I am wondering when they will set up border control check points between the PRNY and PA


----------



## Targetshooter (Dec 4, 2015)

Move South .


----------



## Oddcaliber (Feb 17, 2014)

Get your ammo out of state. Just another stupid law.


----------



## csi-tech (Apr 13, 2013)

Buy 2000 rounds for each rifle now.


----------



## Illini Warrior (Jan 24, 2015)

doesn't give an actual date of when it was submitted .... be willing to bet it was a late 2015 submital - nothing but an "end of the year" BS proposed law for her 2015 news letter ... 

it'll never get out of committee ....


----------



## dwight55 (Nov 9, 2012)

Do you suppose I could convince the clerk that I had a lever action 1911, . . . a pump action AR, . . . and a bolt action M1A?

Just wondering,..........

May God bless,
Dwight


----------



## Operator6 (Oct 29, 2015)

I think the cold weather does something to the Yankees up north.
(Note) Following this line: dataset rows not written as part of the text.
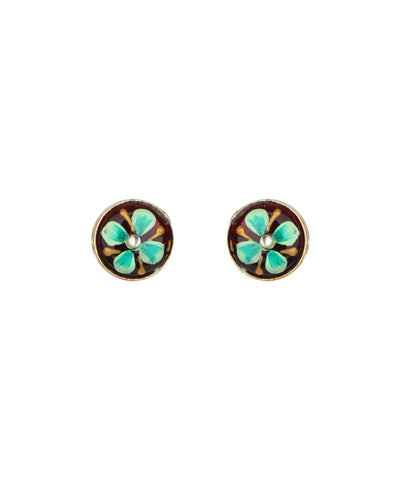 A pair of oval stud earrings featuring a turquoise and gold floral design on a dark brown background, with a small clear stone at the center of each.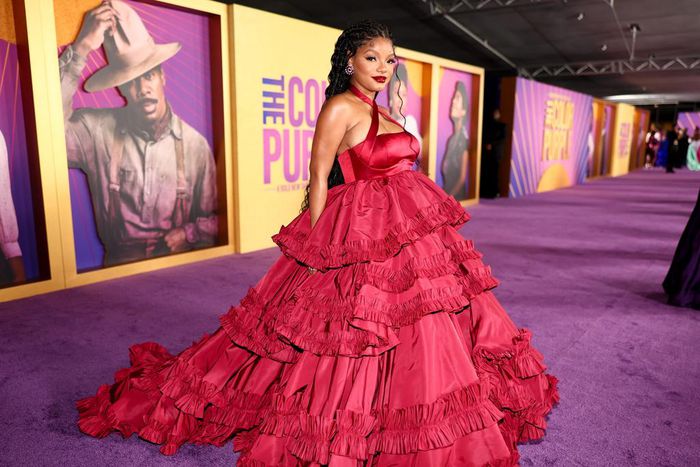 Halle Bailey, who plays a younger version of Ciara's character, opted for a voluminous tiered red dress for the occasion.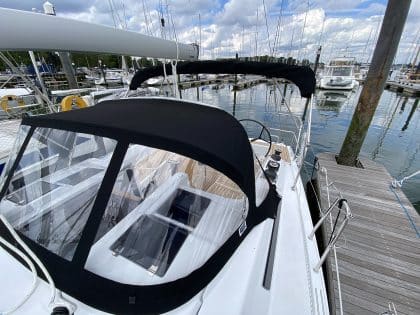 Hanse 348 bimini with Sunbrella fabric and polished stainless steel frame for UV protection.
Seems to be a lot of socialist/democrats up north.


----------



## Grim Reality (Mar 19, 2014)

I find it amazing that the uninformed populace of the US doesn't want their fellow citizens to possess
rifles or pistols or ammo for them. YET...WHEN CONFLICT BREAKS OUT THEY EXPECT THEM TO BE THE
BEST, MOST ACCURATE, WILD BILL, CARLOS HATHCOCK, SGT. YORK SHOOTERS ON EARTH!!

Don't they know that those guys didn't learn to shoot in the army?! They learned it starting as kids
with their .22's. I'm not trying to insult army training...it's REALLY GOOD! But the great shooters
all started YOUNG. I'd much rather be pitted against a fresh recruit who's never held a rifle than 
one who has been shooting since he was 7! 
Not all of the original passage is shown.